▶ What this task involves: Where the entries below show "Opel Frontera B", begin there and print that line and all following lines exactly, through the last, omitting pictures.

▶ Supplied records:
-*-

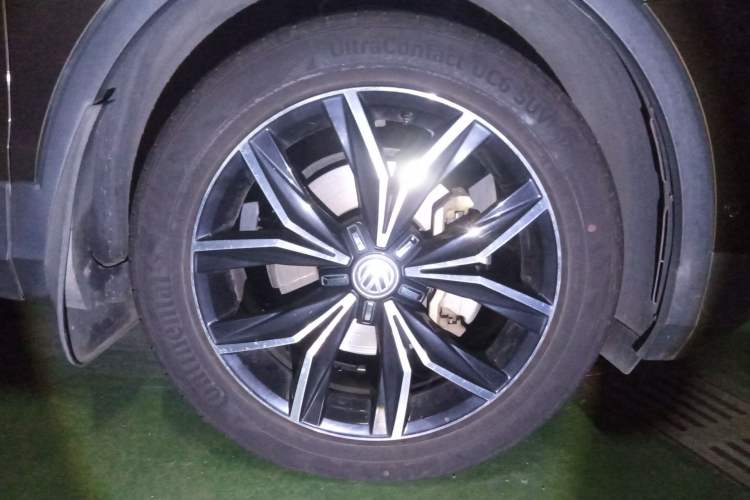 Used Volkswagen Tiguan L 2017 380TSI Automatic All-Wheel-Drive Flagship Edition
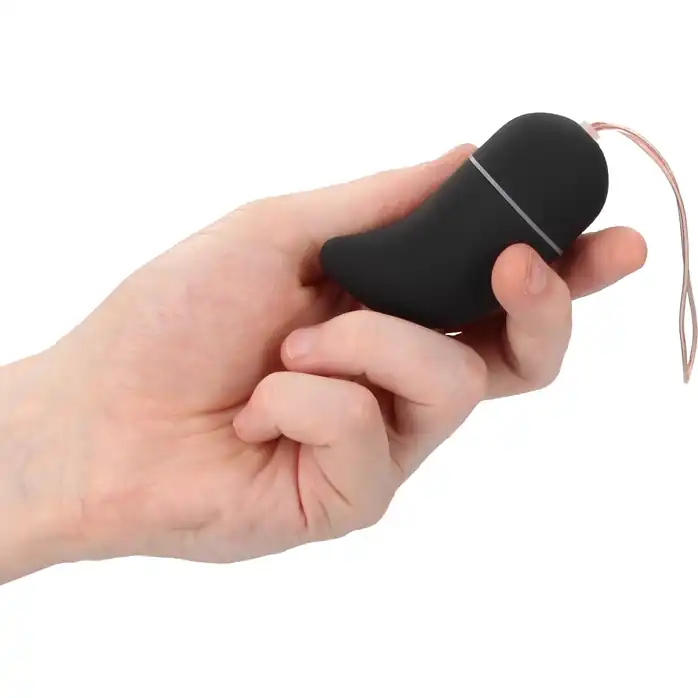 Чёрное радиоуправляемое виброяйцо Vibrating G-spot Egg medium - Shots Toys. Фотография 2.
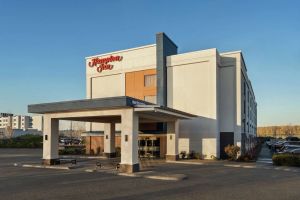 Image of Hampton Inn Portland Airport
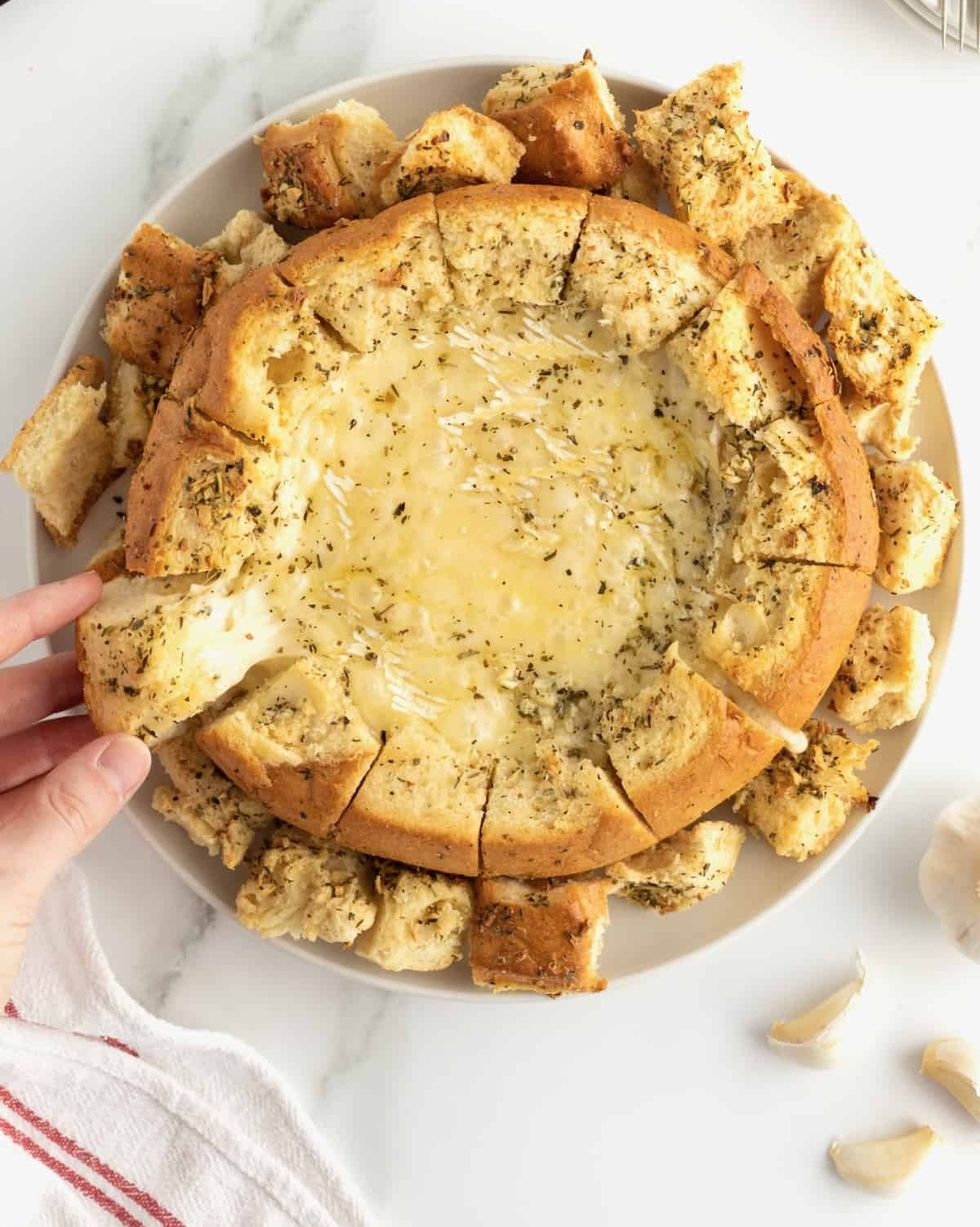 bread bowl recipes garlic butter baked brie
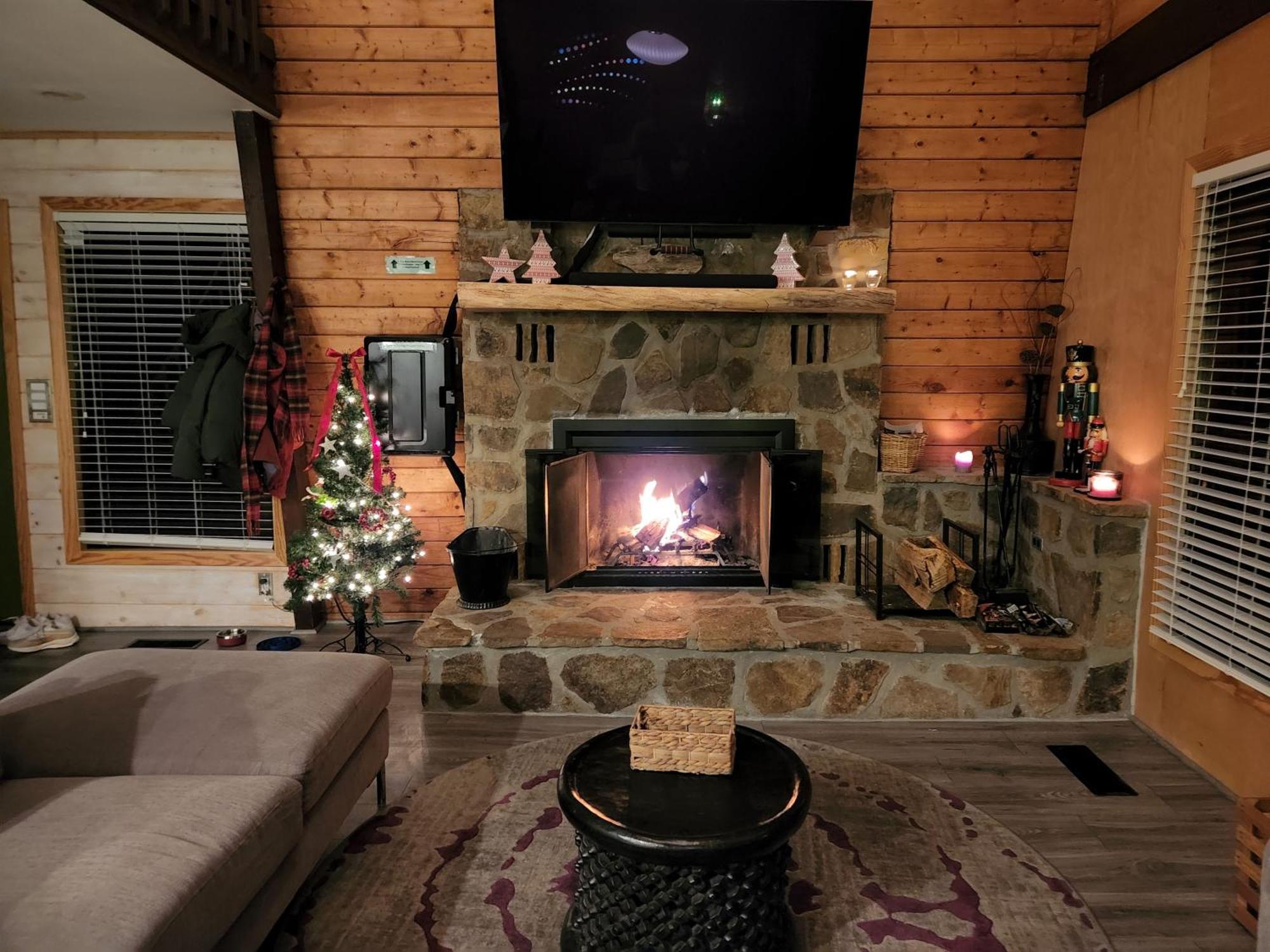Treetops Chalet - 3Bd/2Bt Boutique Cabin W/Mt Leconte Views In Gatlinburg Exterior foto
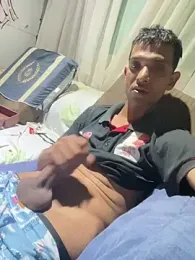 Gzinho69ik webcam model stream image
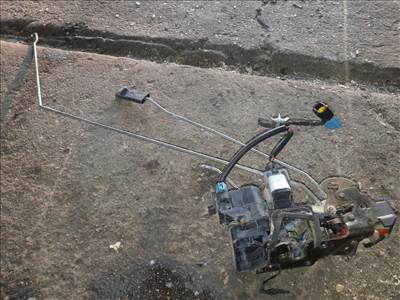 Opel Frontera B Bal Első Ajtó Zárszerkezet  Központizár Motor 16637561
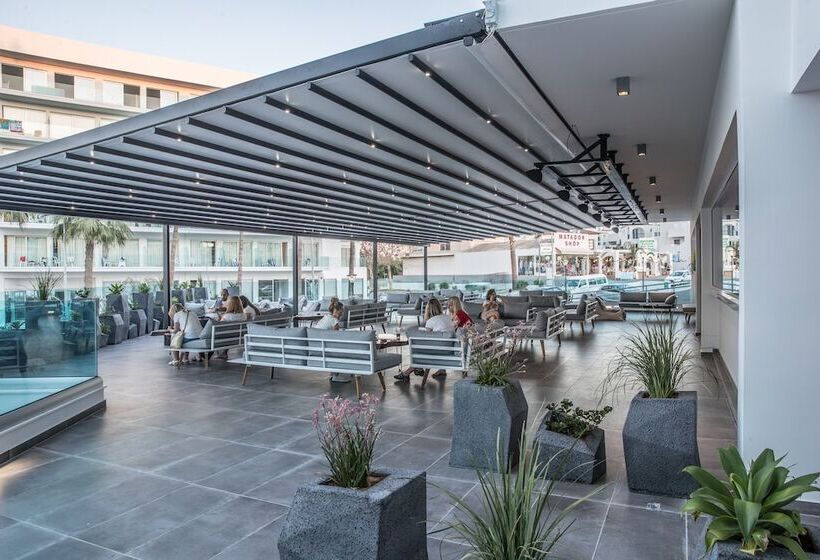 The Blue Ivy Hotel & Suites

-*-

▶ Solution:
 Opel Frontera B Bal Első Ajtó Zárszerkezet  Központizár Motor 16637561
 The Blue Ivy Hotel & Suites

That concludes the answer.